Каждый из гребцов имел два пистолета и саблю, все офицеры вооружались весьма достаточно. Англичанин и француз сопутствовали нам как толмачи для переговоров. Чрезвычайное множество народа собралось в том месте, где выходили мы на берег, что по причине сильных бурунов было довольно затруднительно. Между оным не находилось ни короля, ни его родственников; однако островитяне были учтивы и почтительны. По испытании пресной воды, которая оказалась весьма хорошею, пошли мы к стоявшему недалеко от берега дому, у которого ожидал нас сам король. В 500 шагах от дома встречены мы дядей его, который купно был ему и отчим и назывался всегда отцом королевским. При 75-летней старости казался он совершенно здоровым. Живость глаз и черты лица его показывали в нем решительного и неустрашимого мужа. Он был, как то мы узнали после, один из величайших воинов своего времени и теперь еще имел перевязанную рану около глаза. В руке держал длинный жезл, которым тщетно старался удержать народ, толпившийся за нами.

Взяв меня за руку, повел в длинное, но узкое строение, в котором сидела королевская мать рядом со всеми своими родственниками, казалось, нас ожидавшими. Едва коснулись мы пределов сего жилища, вдруг встретил нас сам король и приветствовал с великой искренностью и приязнью. Народ, остановился и мало-помалу рассеялся, ибо жилище короля есть табу. Я должен был сесть в средине женщин королевской фамилии, которые смотрели на нас с великим любопытством, держали за руку и обращали особенное внимание на шитье наших мундиров, шляп и прочее. На лицах их изображалось такое чистосердечие, что я не мог не почувствовать к ним приязни. Каждую одарил я пуговицами, ножами, ножницами и другими мелочами, но сии вещи не произвели в них той радости, которой ожидать следовало. Оне обращали свое внимание более на нас самих, нежели любовались подарками.



Дочь короля, женщина лет около 24-х, и его невестка, несколькими годами моложе первой, превосходили других своей красотою и были столь хороши, что и в Европе не не признали бы их красавицами. Все тело их покрыто было желтой тканью, на голове не имели никакого украшения; черные волосы были завязаны крепко в пучок, близ самой головы. Тело их, сколько позволяло видеть покрывало, не было испещрено, как у мужчин, но оставлено в природном состоянии. Одни только руки расписаны до локтей черными и желтыми узорами, придающими вид коротких перчаток, какие нашивали прежде обыкновенно наши дамы.

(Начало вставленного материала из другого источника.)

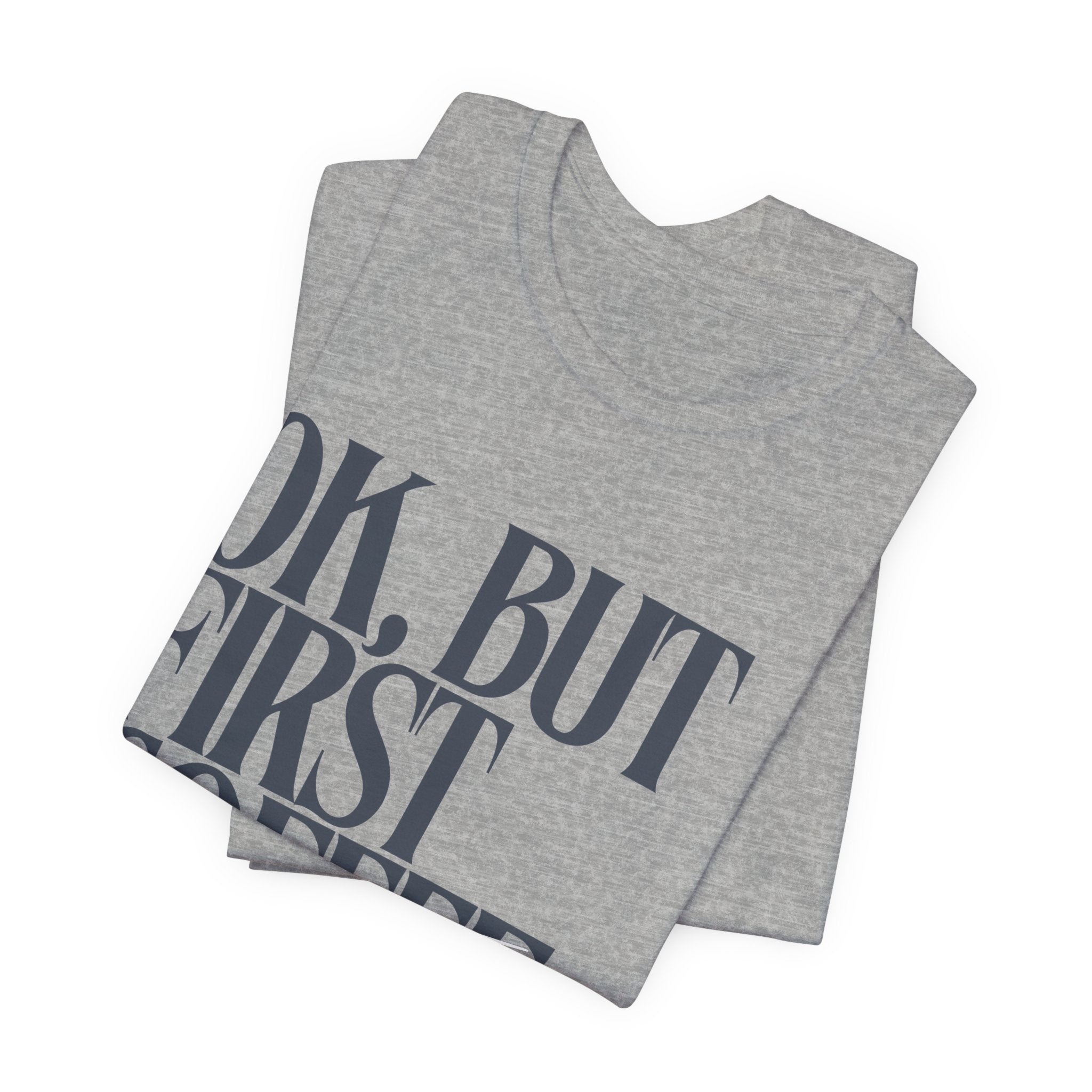 Jesus Over Coffee T‑Shirt — "OK, But First Jesus" Christian Faith Tee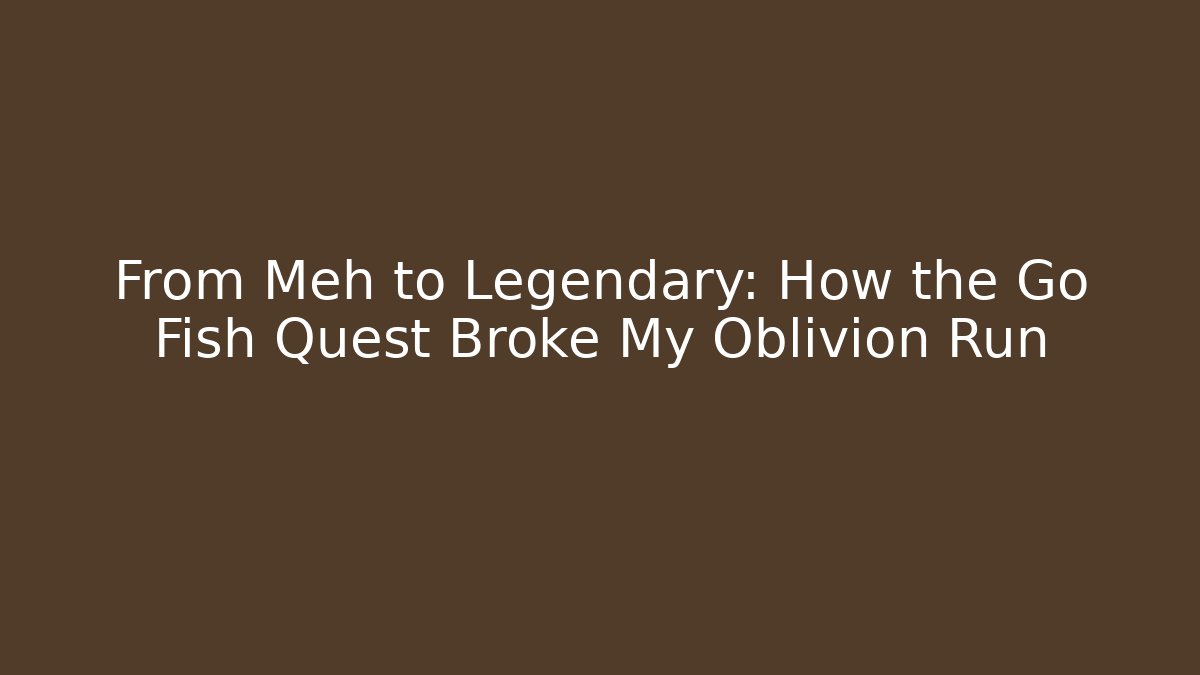 From Meh to Legendary: How the Go Fish Quest Broke My Oblivion Run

Спустя несколько времени повел нас король со всеми своими родственниками в другое, в 15 шагах от первого находившееся, строение, определенное единственно для обедов[29]. Здесь разостлали немедленно рогожки, на коих нас посадили. Хозяева, видя нас в кругу своем, казались быть веселыми, и всемерно старались изъявить нам свое удовольствие. Один приносил кокосовые орехи, другой бананы, третий воду; многие, сев подле нас, прохлаждали лица наши своими веерами. Пробыв тут около получаса, мы откланялись и пошли к своим шлюпкам. Не сам король, но его отчим проводил нас до того же места, где прежде встретил. Бесчисленное множество народа окружило нас вторично. Многие шумели очень громко, но не имели, кажется, никаких злых помыслов. Из последствия имел я причину заключить, что шесть человек с ружьями, из коих трое шли впереди, а другие назади, содержали их в страхе.

27

Чиабу называется пояс, носимый сими островитянами; на Сандвичевых островах называют его маро.

28

Делать объяснение слову табу почитаю я ненужным; ибо оное довольно известно уже из путешествия капитана Кука. О силе действия сего слова на островах сих упоминается в главах следующих.

29

В девятой главе описан дом сей вместе с другими строениями обстоятельнее.